Meet Playwright Kirt Shineman
Kirt is the author of Pluck the Day, the first #newworkshop selection in Now & Then's 3rd season. Artistic Director John Perovich had a chance to speak with Kirt about his play, its process, and Kirt's hopes for the workshop. This feature is the first of two installments featuring Kirt and his play. Pluck the Day by Kirt Shineman will undergo a week of development and be presented to audiences on Friday, August 30 at 7:30PM and Saturday, August 31 at 11:00AM.
John Perovich (JP): Kirt, it's so exciting to have you join us at Now & Then for a workshop of Pluck the Day. I really enjoy the script, both for its humor and its social commentary. What has your writing process been like for this play?
Kirt Shineman (KS): My writing process for Pluck the Day started in December of 2018 after I heard a news story on Vice News about the cheating scandal.
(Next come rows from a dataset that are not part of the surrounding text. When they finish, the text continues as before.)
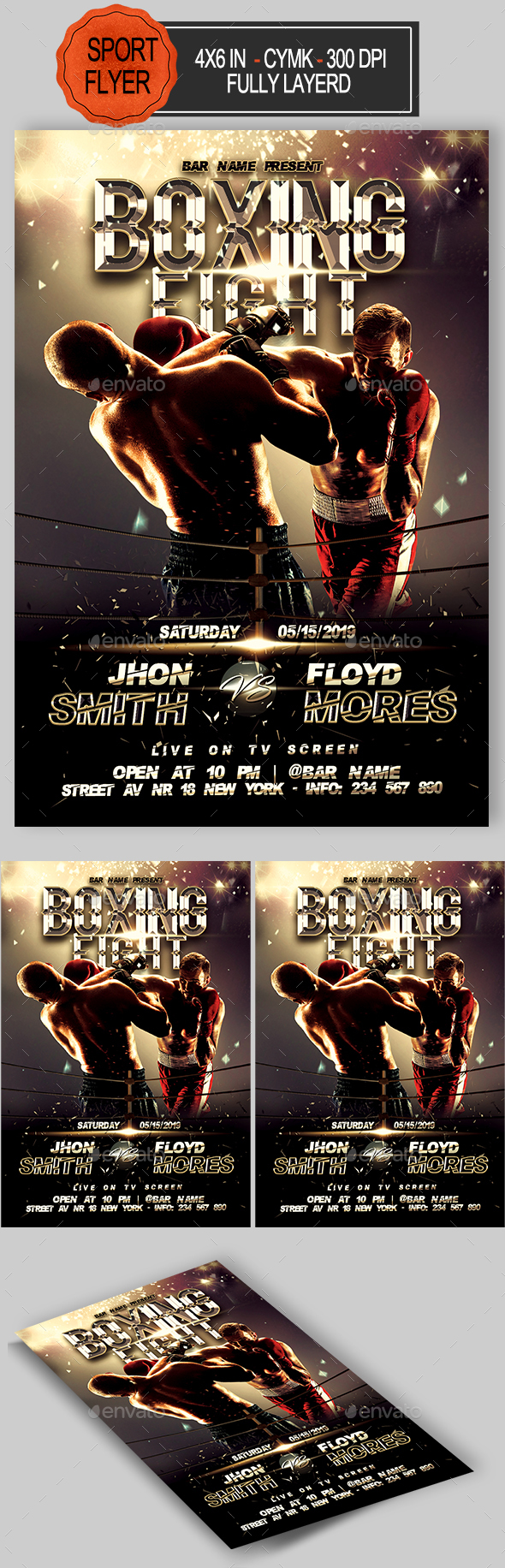 GraphicRiver Boxing Flyer 20376393 GraphicRiver Boxing Flyer 20376393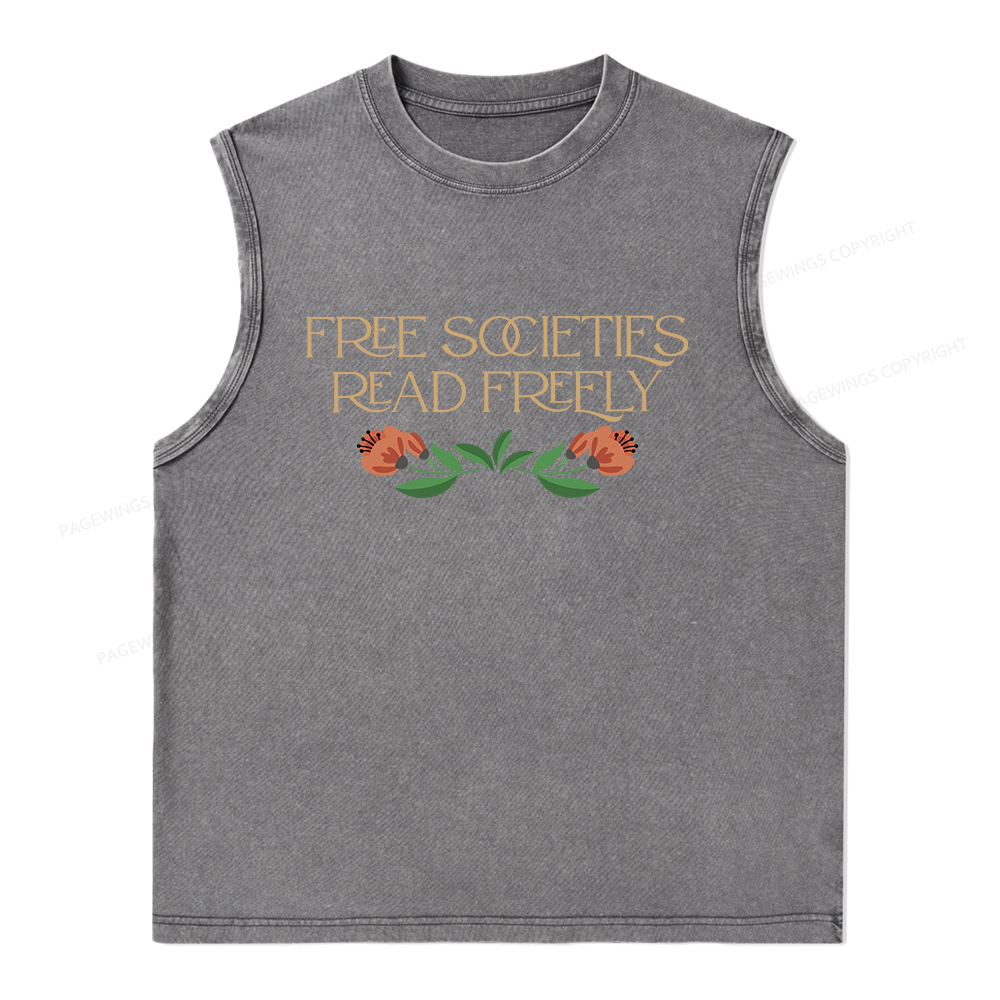 Pagewings Free Societies Read Freely Shirt T-Shirt Unisex Washed Tank Top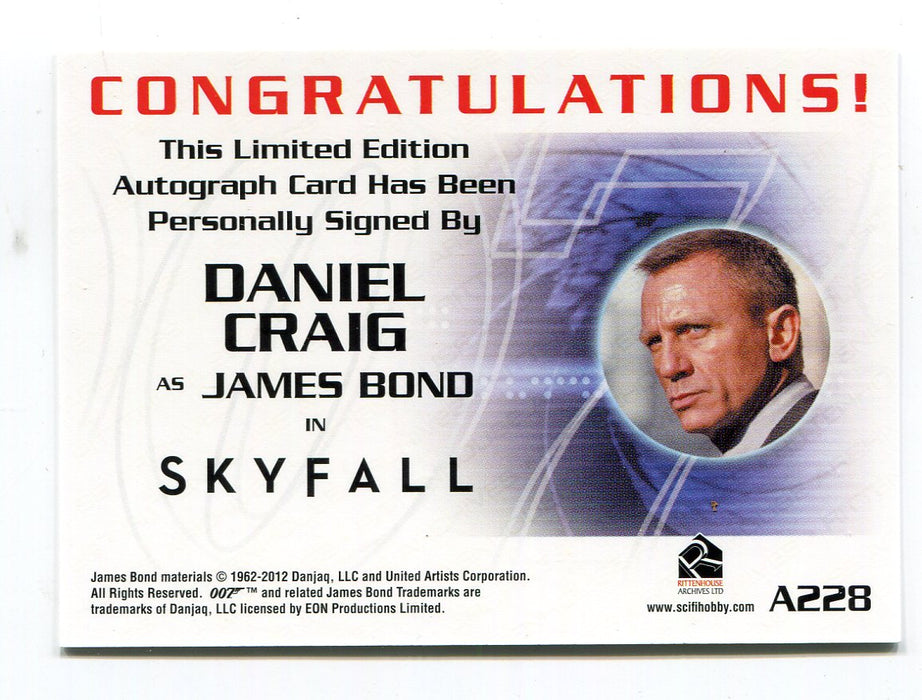 James Bond Autographs & Relics Daniel Craig Autograph Card A228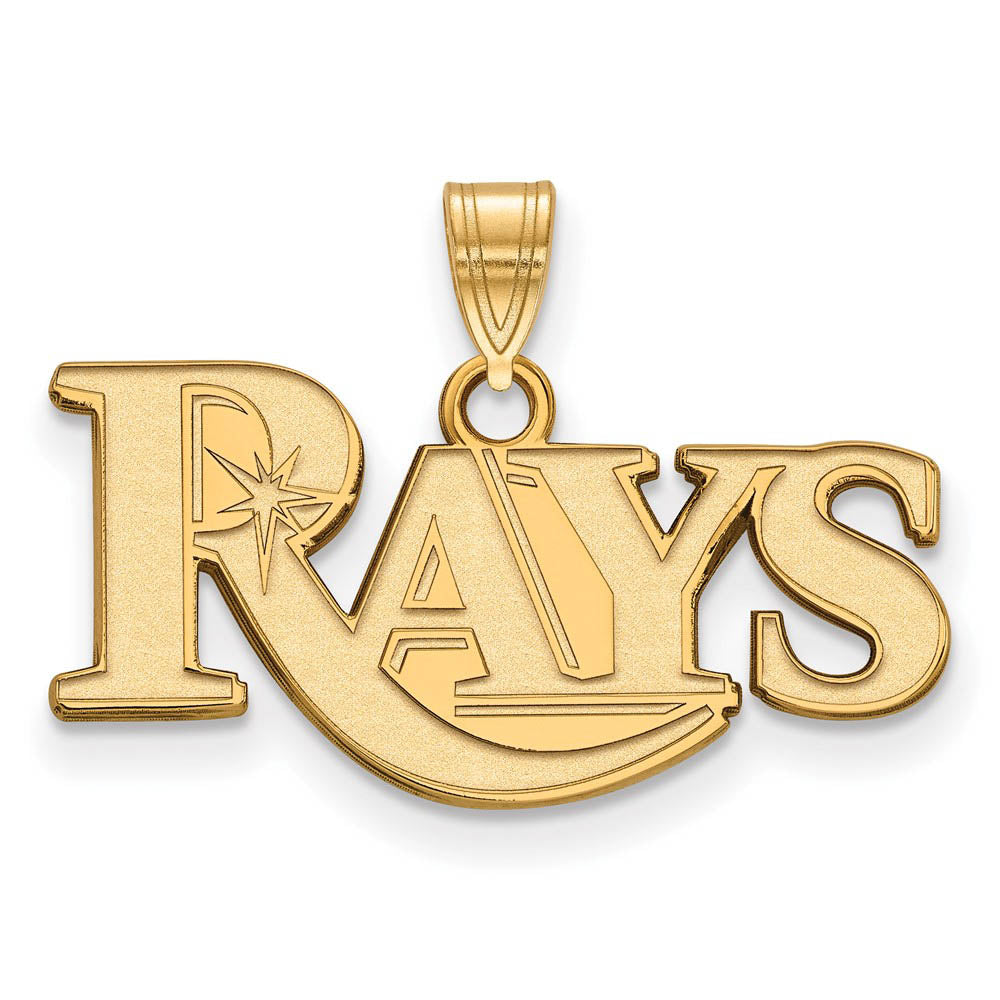 14K Gold Plated Silver MLB Tampa Bay Rays Small Script Pendant, Item P33216 by The Black Bow Jewelry Co.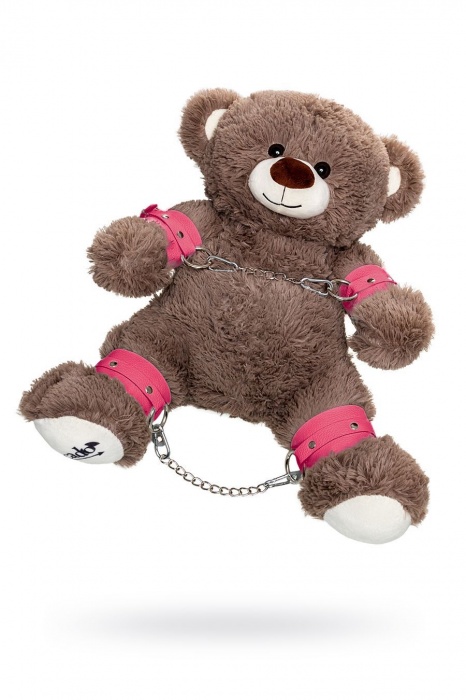 Бондажный набор: бурый мишка с розовыми оковами и наручниками - Pecado - купить с доставкой в Тюмени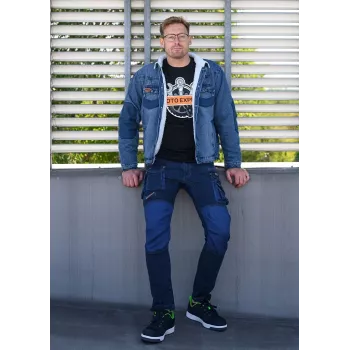 NEO TOOLS DENIM darbo kelnės su sustiprintais keliais, XL dydis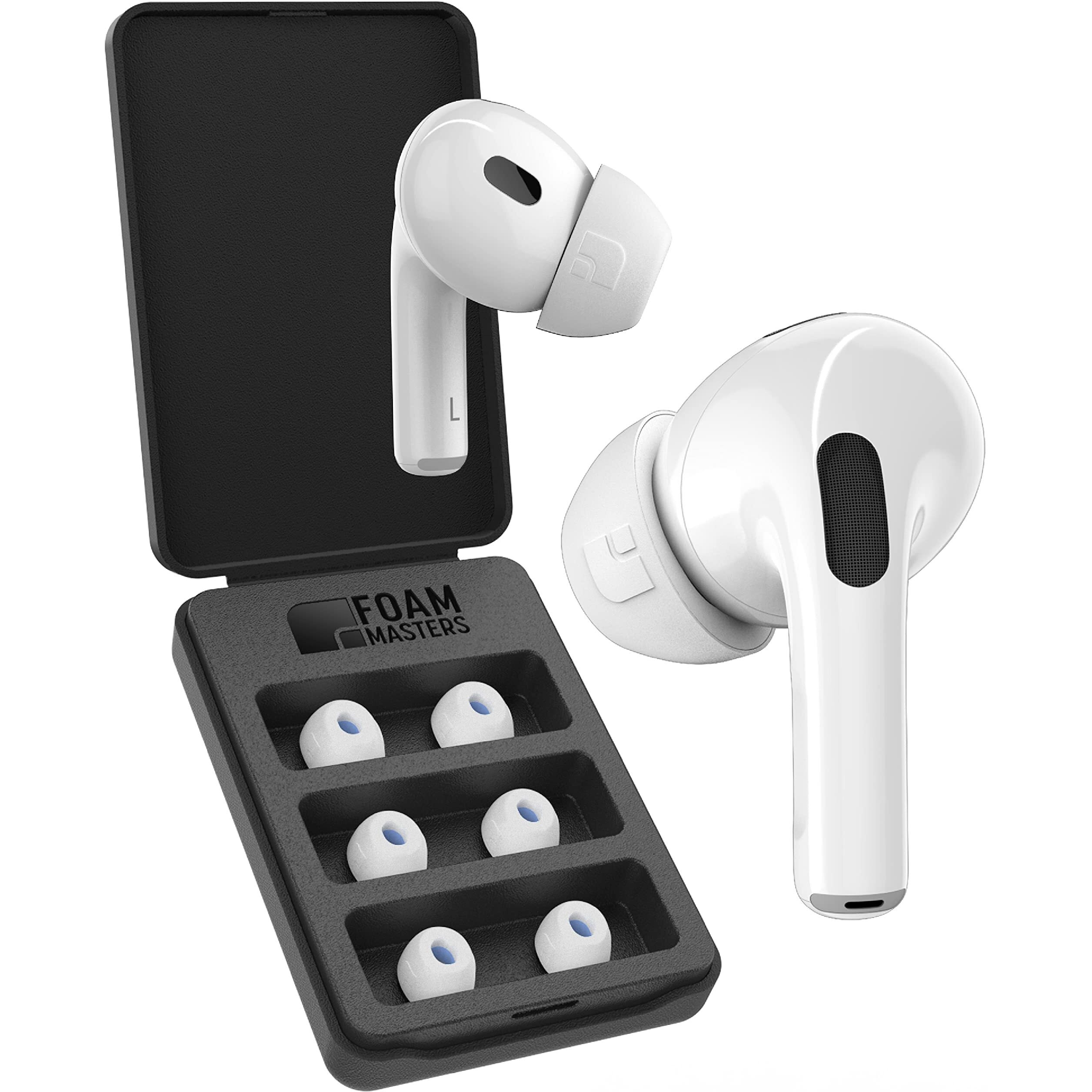 Foam Masters Memory Foam Ear Tips For Airpods Pro 1St & 2Nd Gen | 3 Pairs | New Version 4.0 - Black Magic | Comfortable | Secure | Better Noise Cancellation | Replacement Buds (Assorted S/M/L, White)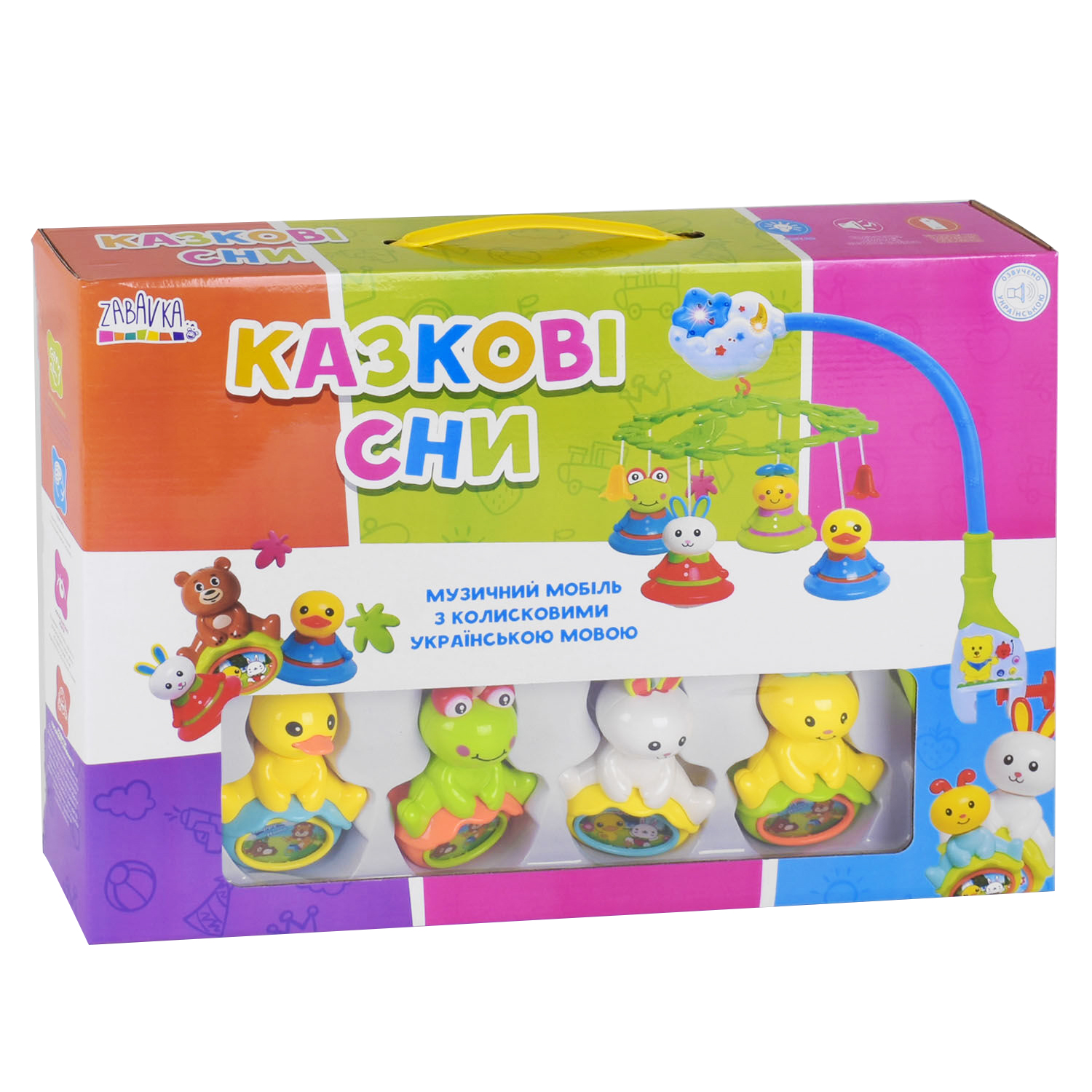 

Карусель (мобиль) на кроватку "Казкові сни" 8 подвесок, свет, звук, украинские колыбельные (97338)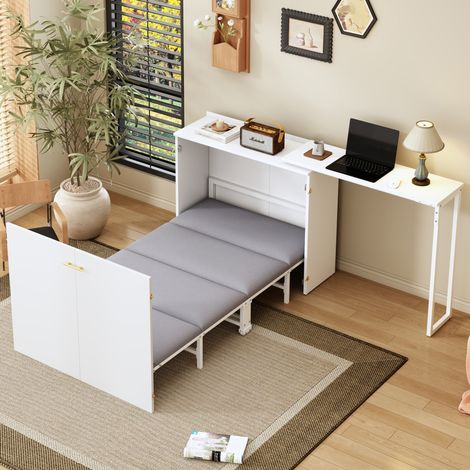 lit adulte bureau pivotant mobile 90x200 blanc OKMYHOME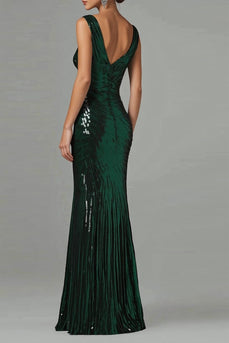 Dark Green Mermaid V-Neck Sequins Pleated Formal Dress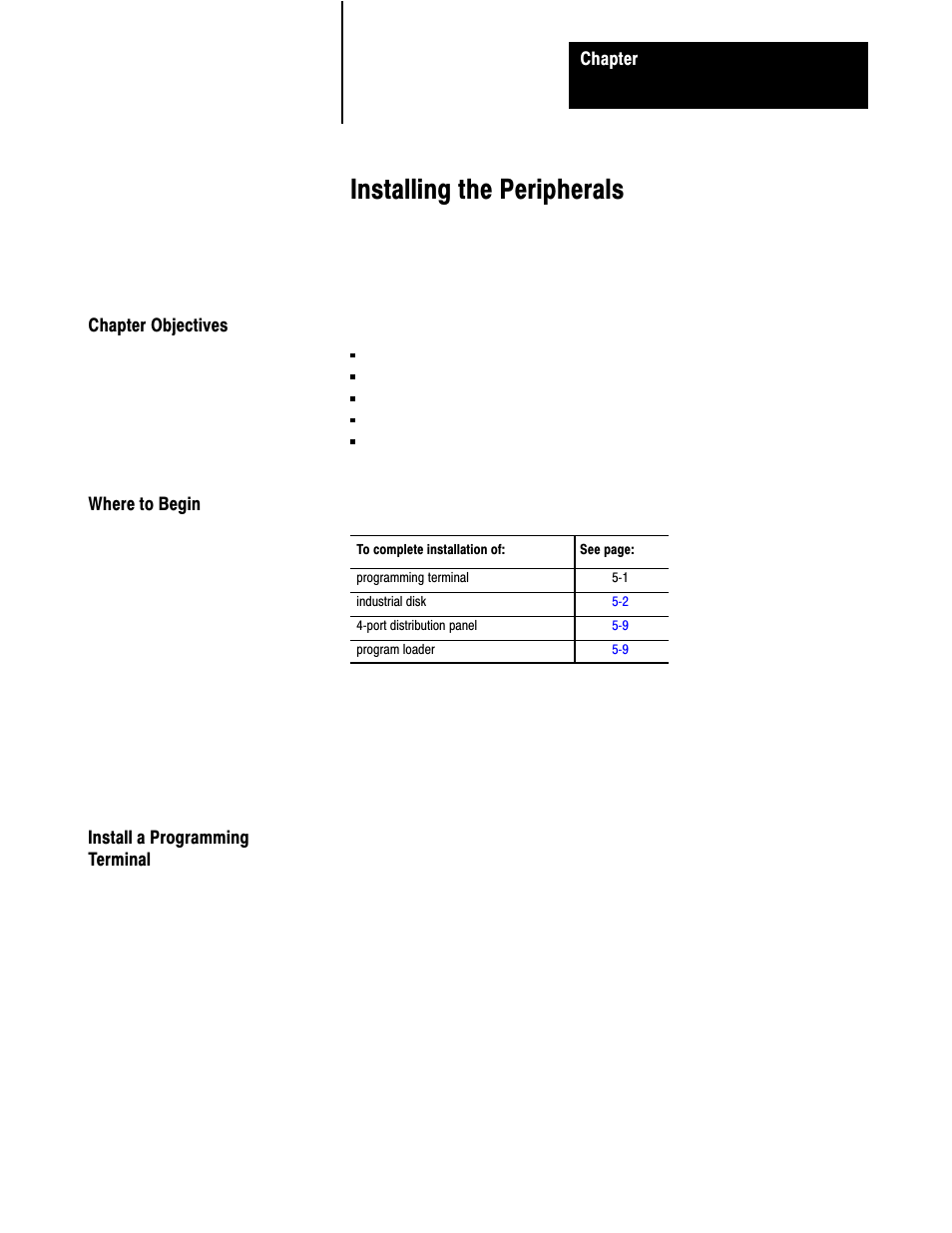 5 - installation the peripherals, Chapter objectives, Where to begin | Install a programming terminal, Installing the peripherals | Rockwell Automation 5000,D50006.2.10 PI INSTALLATION MANUAL User Manual | Page 72 / 207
I had just read a National Geographic about wineries in Australia, and I found the way winemakers spoke about their vineyards to be poetic. Also, as a foodie I enjoy the restaurant business and how waiters/servers sell wines, their descriptions, their colorful, delectable words, that I thought, "What a great experience for theater! A play with wine!" Then at a play festival after one of our readings, a winery offered a tasting. I wanted the wine before the play, during the play and even after the play, even just a tasting. Wine is so theatrical! So I wrote a few monologues of sommeliers selling wine to customers--the theater audience--and the characters came to me. I wrote their biographies, to learn more about them, and then outlined the action around the scandal. With that, I wrote draft one of the play. I didn't think the play was theatrical enough--or as experimental as I like--so I added a satyr, to jazz up the genre. The play leaned towards the comedic or the satirical, like the Greek satyr plays, so a satyr made sense--and draft one of Pluck the Day received a home reading with many of my actor friends. At the reading, the actors voiced many questions about the satyr, his purpose, the style, the genre, and as satyrs are tricksters--and he wasn't necessary to the play. He was cut, and the play re-written.
JP: What a journey! I'm always fascinated how ideas come to us as writers and how the ideas take shape and are re-shaped--consistently--throughout the process. Wine, scandals, a satyr--such intriguing inspiration. Might the satyr ever return?
KS: No. His name was Dion, for Dionysis. I don't see Dion returning to the play. He mugs too much; he steals the story. He makes it all about him. But the satire of challenging the gods of privilege, cheating, and sexism remains in the play.
JP: That it does--and adds such pointed, meaningful conflict to reflect on throughout the play. Perhaps Dion might find his way into a different play? He sounds like such a fun character.